Whatchamacallit turns 40

Mike Ramsey

Happy 40th birthday, whatever you are.

 City officials on Wednesday staged a celebration -- complete with cake and birthday serenade -- at the slanting base of the ambiguous, untitled Pablo Picasso sculpture that anchors Daley Plaza in the Loop. It was 40 years to the day since then-Mayor Richard J. Daley introduced the 50-foot-tall cubist work at what was then called the Civic Center.

 Then, as now, people can’t quite figure out what the statue is supposed to be, although some have guessed “horse” or “bird.” Nonetheless, today the dark steel structure is a local icon as familiar as the Sears Tower, Wrigley Field or the city’s “L” train system.

 “Whether people love it or hate or are indifferent, we think it’s a very important piece of art in Chicago, and we love it,” Gregory Knight, deputy commissioner of visual arts for the city’s Cultural Affairs Department, told a crowd of about 100.

 The statue, sometimes referred to as the “Chicago Picasso,” is credited with softening the city’s blue-collar edge and driving the local policy of installing art at public sites – a movement seen in full bloom at the popular Millennium Park a few blocks to the east.

The world-renowned Picasso (1881-1973) ultimately waived his $100,000 design fee as a magnanimous gesture to Chicago, yet he never stepped foot here. Instead, the late architect Bill Hartman visited him in Spain and brought him a White Sox jacket, a Bears jersey and a Native American headdress to help inspire him, according to Richard Tomlinson, a partner in Hartman’s firm of Skidmore, Owings & Merrill, which helped build the Daley Center.
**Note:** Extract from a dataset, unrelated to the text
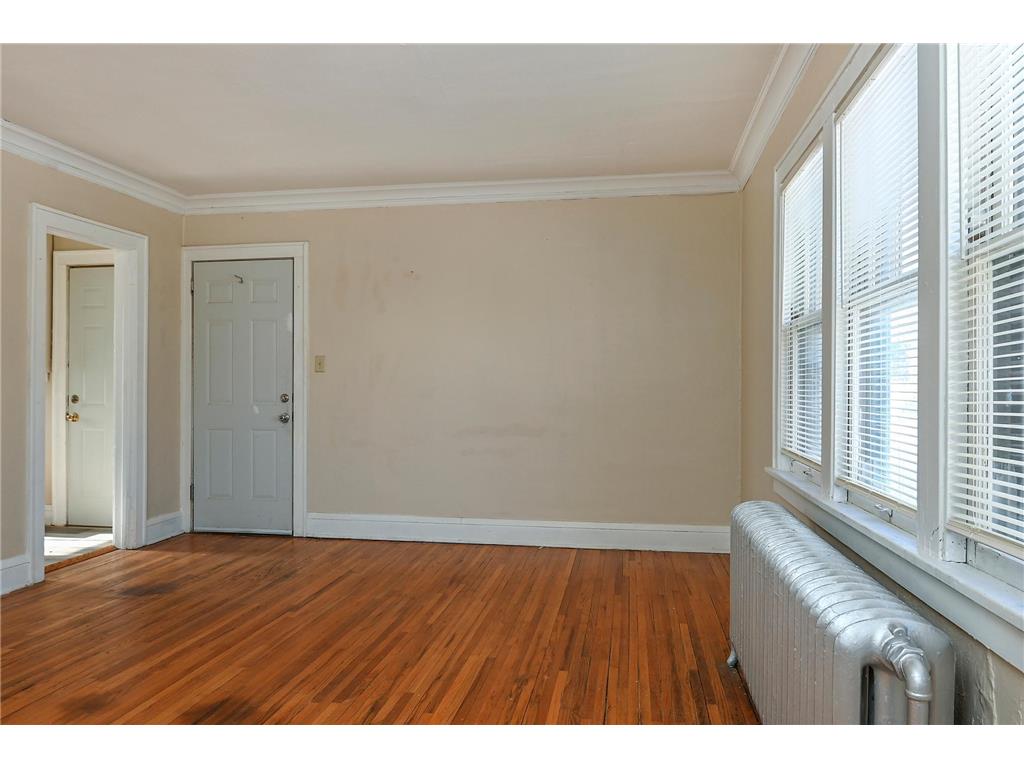 1090 Thomas Avenue Saint Paul MN 55104 7001285 image7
He said Hartman also brought a model of the skyscraper and plaza, and Picasso used objects from his own studio to determine what the scale of his sculpture would be.

“When he set down a cigarette lighter (onto the model), Picasso claimed, ‘That’s the right height,’” Tomlinson said. “So the sculpture turned out to be 50 feet high based on a cigarette lighter.”

 The high-rise and plaza were completed in 1966. They were the first project undertaken by the local Public Building Commission. Based on the artist’s design, the full-sized Picasso sculpture was finished in 1967 and unveiled before crowds that mobbed the plaza.

Daley prophetically said the strange sight “will be familiar tomorrow.” But legendary newspaper columnist Mike Royko derided the statue, saying it evoked the city’s greedy and cruel qualities.

“The fact is, it has a long stupid face and looks like some giant insect that is about to eat a smaller, weaker insect,” Royko wrote. “It has eyes that are pitiless, cold, mean.”

 Bill Collins, a 73-year-old retired city employee, recalled attending the unveiling 40 years ago. On Wednesday, he sat near the statue, which sported a giant fabric top hat as part of the festivities.

“I didn’t figure out what it was then. I still can’t figure out what it is,” Collins said. “Now, everybody thinks it’s beautiful.”